The “bomb carbon” found its way into their molecules from nuclear tests performed in the 1950s and ’60s – and it’s been found miles down into the ocean where these creatures live. The results show how quickly human pollution can enter the ocean’s food chain and reach the deep ocean, according to the study’s authors.

It’s a disturbing discovery that shows how the actions of humans can harm the planet.

“We didn’t expect such high levels of carbon-14 (radioactive carbon),” co-author Weidong Sun, a professor of marine geology at the Chinese Academy of Sciences in Qingdao, China, told CNN. “That means the ocean has been polluted by human activities.”

How did the radioactive carbon get in the ocean?

During the nuclear tests of the Cold War era, the radioactive carbon in the atmosphere doubled. The neutrons released in the bombs reacted with the nitrogen in the air, creating a radioactive carbon, or carbon-14.

When the nuclear tests stopped, the levels of radioactive carbon went down. But it was already too late. The “bomb carbon” fell from the atmosphere to the surface of the ocean. Marine animals have been eating things in the ocean over decades and scientists have seen increased levels of carbon-14 since the bomb tests.

Researchers from China and the United States used the “bomb carbon” to trace organic material in organisms that live in deepest parts of the ocean. They studied crustaceans that live in hadal trenches, which are found 6,000 to 11,000 meters ( 20,000 to 36,000 feet) below the ocean’s surface.

Hirondellea gigas is a type of crustacean that lives in the Mariana Trench.

The crustaceans studied came from three trenches in the West Pacific Ocean. The conditions in these trenches are harsh – the creatures that live there must adapt to extreme cold, high pressure and a lack of light and nutrients. The crustaceans scavenge and rely on dead organisms that fall to the ocean floor for food.

When researchers carbon-dated the crustaceans, they found the levels of carbon-14 in their muscle tissues were a lot higher than the levels of carbon found naturally in the deep ocean. Carbon-14 is found in almost all living things and is used to date the relative age of organisms in a process called carbon dating.

The carbon reached the bottom faster than expected

Normally, it’d take about 1,000 years for the ocean to circulate the bomb carbon into the deep sea. But, the ocean food chain carried the radioactive carbon faster than researchers expected.

“Although the oceanic circulation takes hundreds of years to bring water containing bomb [carbon] to the deepest trench, the food chain achieves this much faster,” lead author Ning Wang, a geochemist at the Chinese Academy of Sciences in Guangzhou, China, said in a statement.

Researchers found that the crustaceans in these trenches live four times longer and grow larger than other crustaceans found in shallower waters.
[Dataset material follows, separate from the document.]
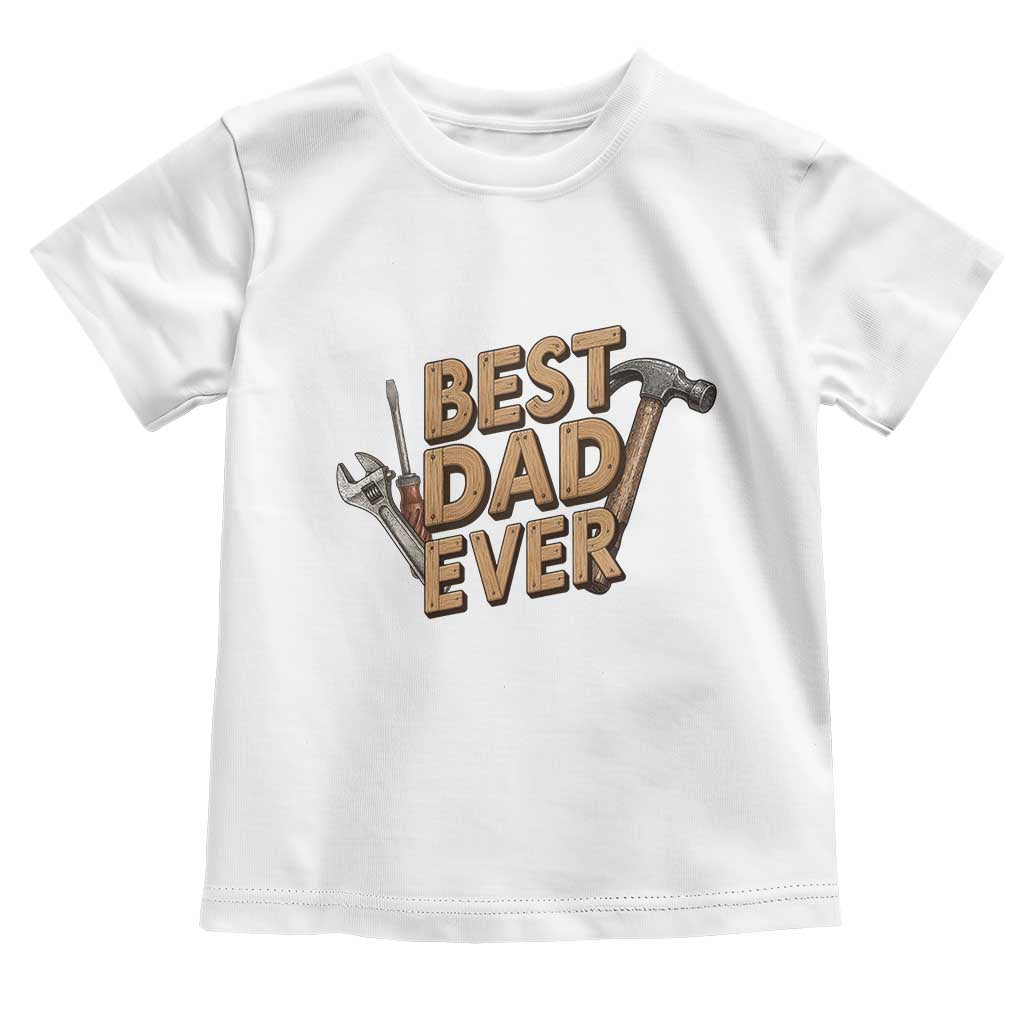Funny Woodworking Dad Gift Toddler T Shirt Best Dad Ever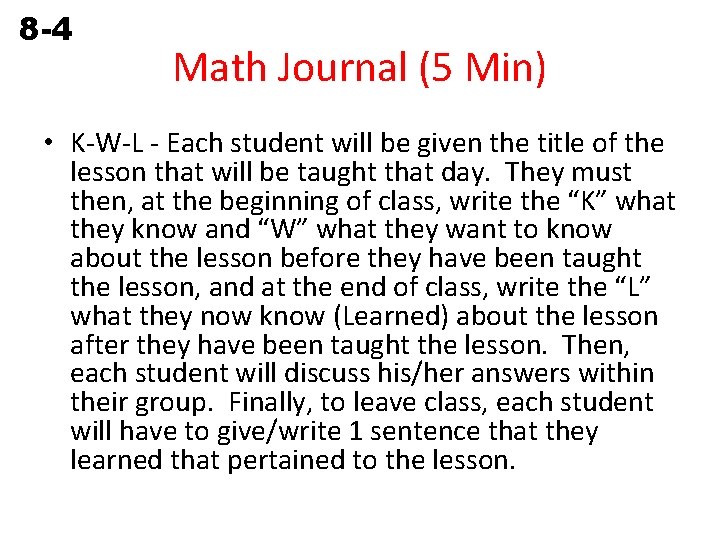 8 -4 Angles in Polygons Math Journal (5 Min) • K-W-L - Each student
They also have a low tissue turnover rate. These deep-sea creatures lived to be more than 10 years old and grew to 3.6 inches long. Crustaceans in shallow water only live less than two years and grow to about 0.8 inches.

The creatures have been able to get so big and live so long as a side effect of living in such harsh conditions deep within the ocean, researchers said.

Living for so long, the amount of radioactive carbon had time to accumulate in the crustaceans’ bodies, according to the study.

“It’s mainly an indication that we have major influence in the deepest part of the ocean,” Sun said. “I think we need to be careful that any human activity affects the whole Earth.”